- DATA EXTRACT -
════════

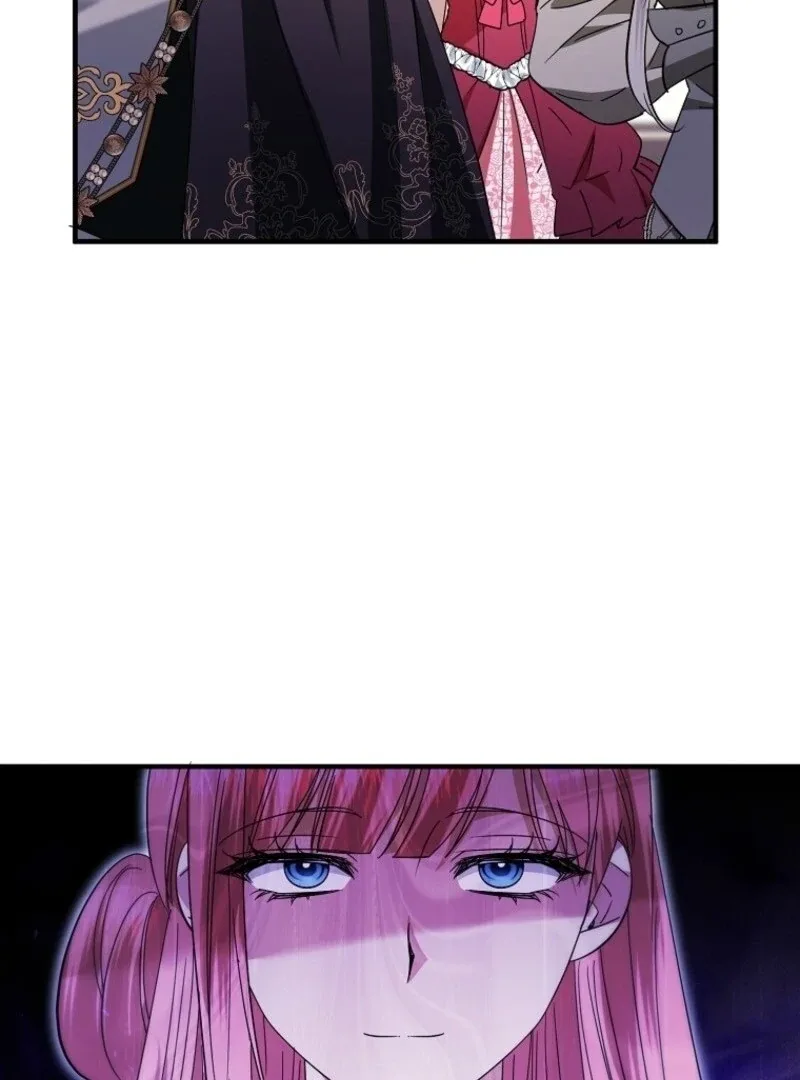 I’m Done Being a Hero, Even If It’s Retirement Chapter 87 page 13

════════

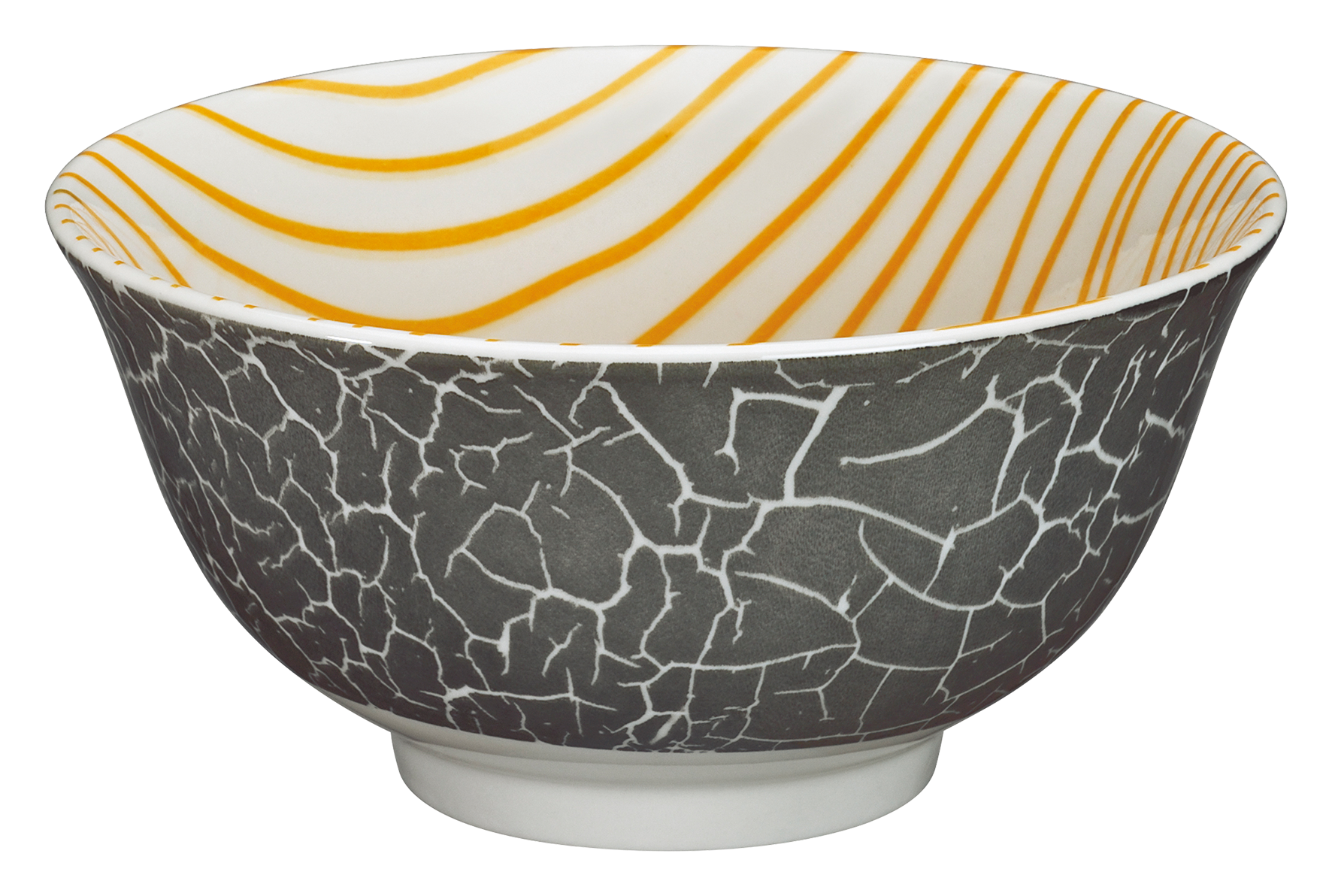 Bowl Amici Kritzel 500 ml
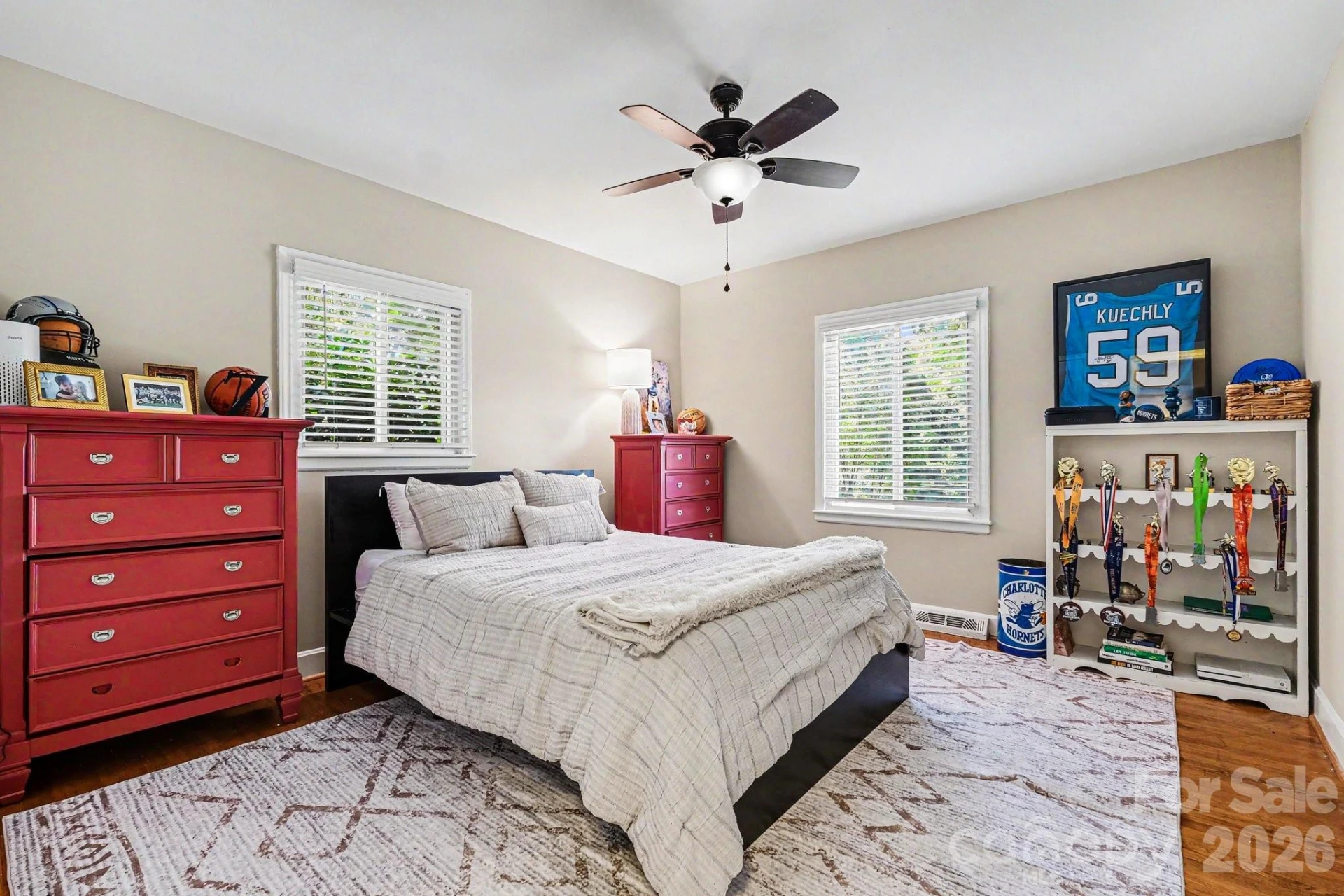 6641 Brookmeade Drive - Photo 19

════════

- YOUR OBJECTIVE -
Please return the material above only from the line that holds "Bowl Amici Kritzel 500 ml" through the line that holds "6641 Brookmeade Drive - Photo 19", exactly as it stands, ends included and pictures omitted.

- THE COMPLETED TASK -
 Bowl Amici Kritzel 500 ml
 6641 Brookmeade Drive - Photo 19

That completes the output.